Sorry, I skimmed and read the last sentance as drone, especially with the kicking out part. And I'm assuming if it can freeze, then the brood can chill for whatever reason. I'm sorry if that is not so in your area. We know that a lot of chemicals cause cancer only in CA, so maybe the bees are different too .... 

It is amazingly hard to diagnose stuff in word format without all of the details.

And the answer to your problem is.....

Wings not fully developed? I think that this is what you mean by larval. That is the key here.. sounds like it is probably Deformed Wing Virus(DWV), usually spread by an over-abundance of Varroa mites. This is a good indication that your hive is facing impending doom from mites and you will probably want to treat them immediately with your favorite mite treatment.

Sometimes the bees will have worn out wings from foraging, but those are usually straight but very tattered wings. There are a few other situations that could be similar, but I'd still have to guess DWV.


----------



## Orion (Jun 18, 2007)

*Photo's*

Here are a couple photo's.

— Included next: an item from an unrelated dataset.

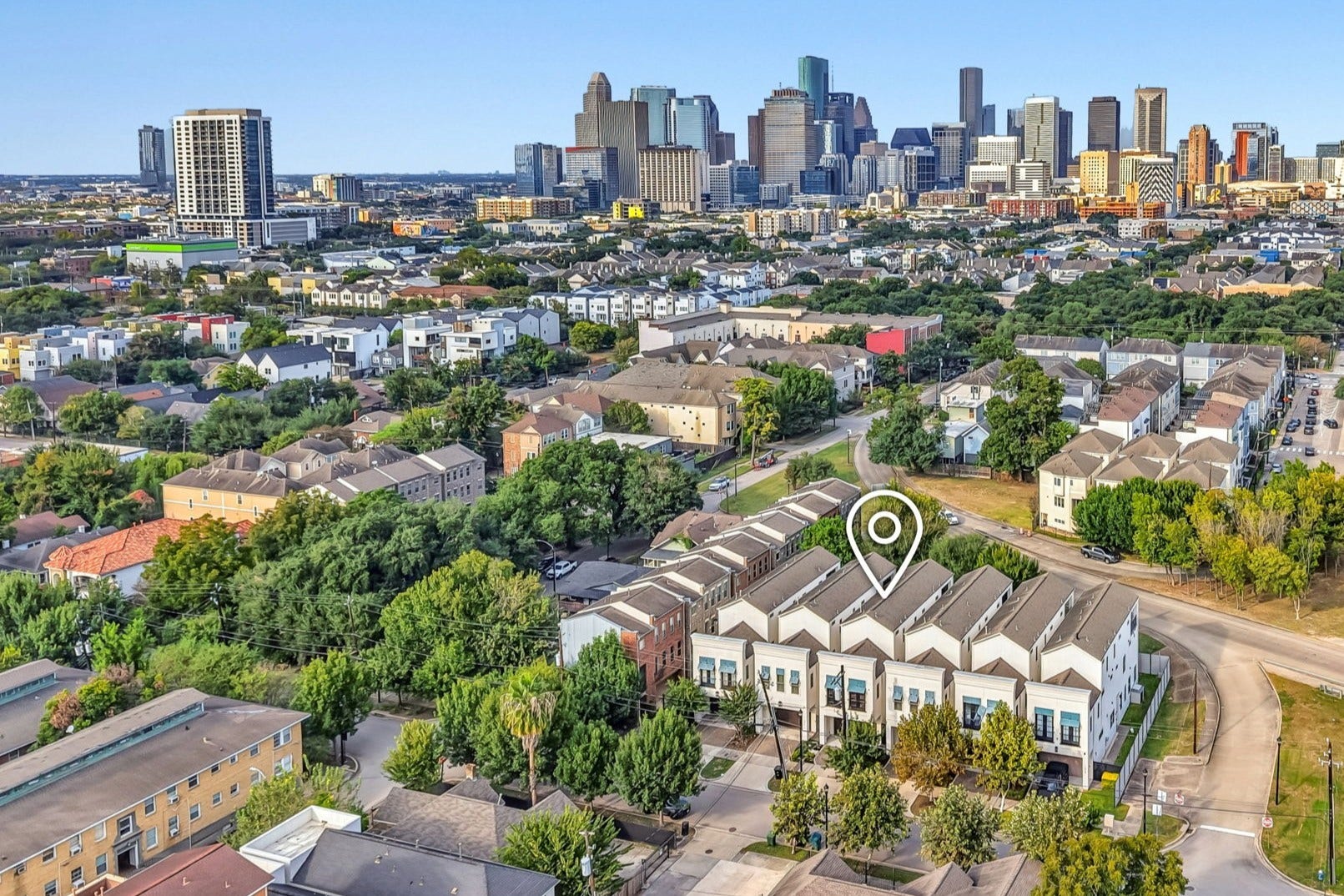 1713 Holman Street, Houston, TX 77004 Location, location, location! Ideally situated just 5 minutes from both Downtown and the Texas Medical Center, this home offers an unbeatable commute and central convenience.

Hope it works.


















Jim


----------



## Orion (Jun 18, 2007)

Should have added tis in with the photo's.
<I just went back out and grabbed the two bees left on the ramp (one is still moving) the others are gone. They are small immature workers I think. Each is about one half to two-thirds the size of a foraging worker.>

Jim


----------



## ScadsOBees (Oct 2, 2003)

yup, DWV....treat for mites.....

They can sometimes detect pupae that are defective and will drag them out, as well as kicking out the sick ones that already hatched.


----------



## Walliebee (Nov 17, 2006)

I agree. That's the classic signs of a heavy mite load. There are so many mites in each cell that the young bee dies or is too weak to emerge from her cell. 

Get treating ASAP. 

If there is any good news, it that you bees are showing good hygenic behavior.


----------



## Sr. Tanya (Feb 9, 2007)

What was it that you saw in the photos that made you determine it was a heavy mite load? I don't think I saw any mites in the photos but what did you see re: the bees?

Tanya


----------



## Dave W (Aug 3, 2002)

Unless you have some old "dope" you want to use up (to get rid of),
I would suggest that you save the money you'll spend on meds,
and plan on "new bees" come spring.

Treating now (time of year), and the amount of your mite load, my guess is the 
hive will collapse about Feburary (even if treated now).

This hive, w/ deformed wing bees, is, and has been, heavily infested for a long period of time.
There should have been plenty of mites on a sticky board back in summer to 
suggest treatment need back in August. 

Treatment in August kills the mites, allows the bees to recover, and those bees raise
the "winter" bees that survive til spring. All of the bees in this hive are and have been 
too sick, for too long, to have raised healthy "winter" bees.

Now for the good news 
Think of all you have learned this past summer


----------



## Dave W (Aug 3, 2002)

Sr. Tanya . . .

Its the "description" of the bees, not "mites in the photo" (none there) that indicate "the problem".


----------



## Sr. Tanya (Feb 9, 2007)

Oh, thanks, Dave.

Tanya


----------



## Orion (Jun 18, 2007)

OK so lets say it is DWV. Do I treat for both mites and DWV or just mites?
Also what is recommended for those treatments if thats the rout I go?

Thanks again! Jim


----------



## Dave W (Aug 3, 2002)

>treat both mites and DWV or just mites . . .
I'm not sure how one would "treat DWV", I dont think (to date) there is a treatment for a virus (in bees, that we can afford).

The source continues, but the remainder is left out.